■ Brief
Print the data below exactly as it stands, and keep the pictures out.

■ Provided material

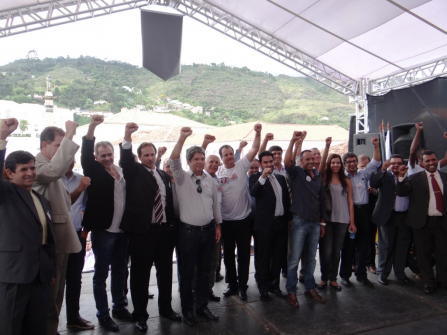 Ato público mobiliza 30 prefeitos em Ouro Preto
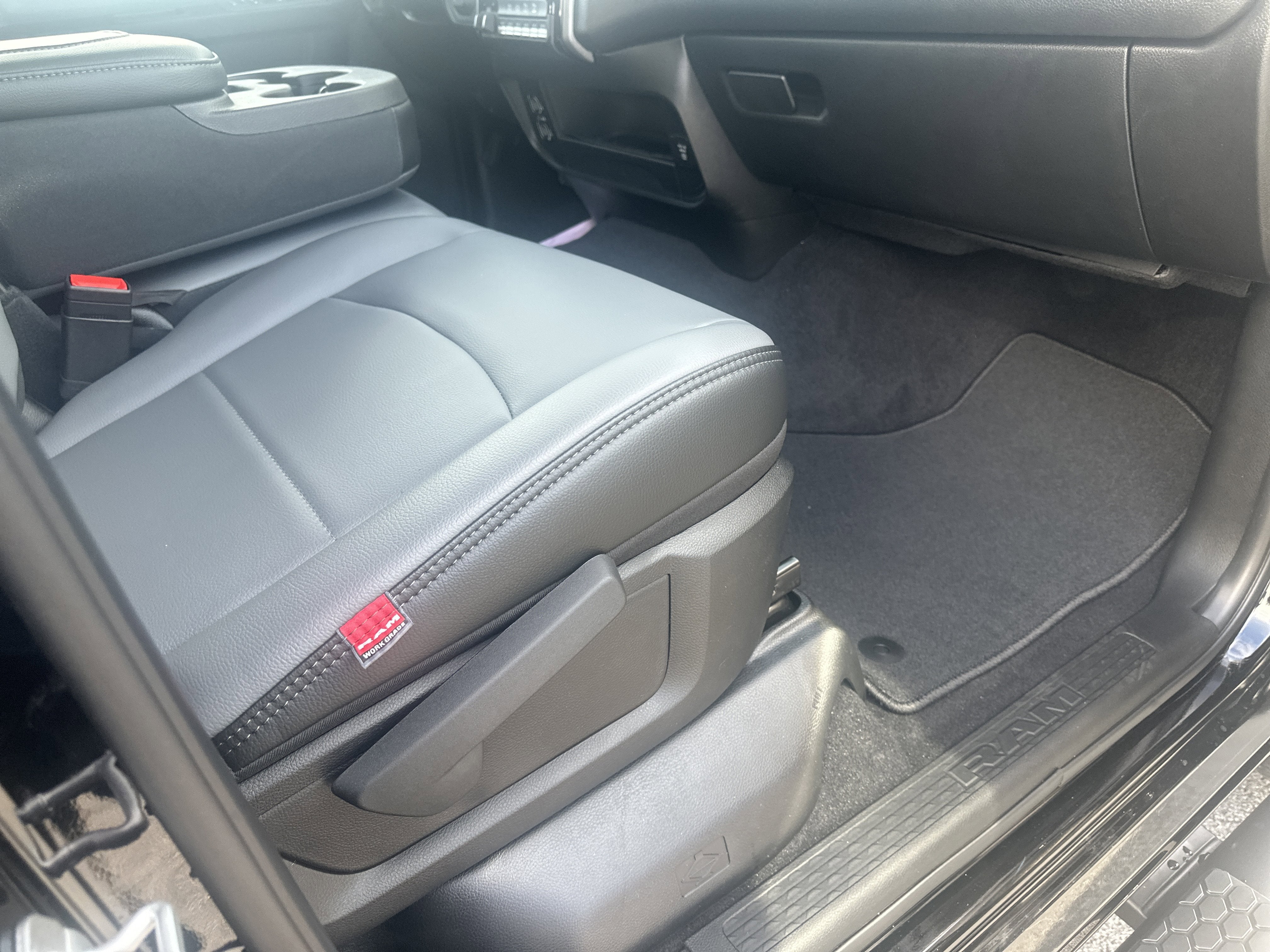 2026 RAM Ram 3500 RAM 3500 TRADESMAN CREW CAB 4X4 8' BOX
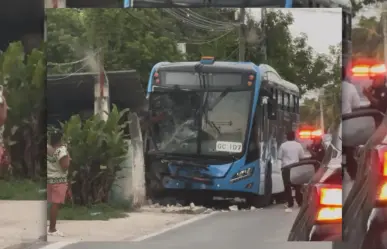Accidente del Va y Ven: unidad se impacta contra una casa en Dzityá
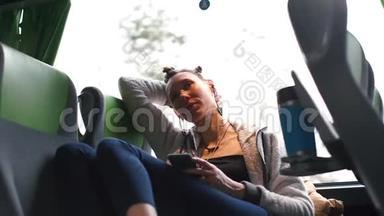 一个女人躺在公共交通工具的乘客座位上。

■ Finished task
 Ato público mobiliza 30 prefeitos em Ouro Preto
 2026 RAM Ram 3500 RAM 3500 TRADESMAN CREW CAB 4X4 8' BOX
Accidente del Va y Ven: unidad se impacta contra una casa en Dzityá
 一个女人躺在公共交通工具的乘客座位上。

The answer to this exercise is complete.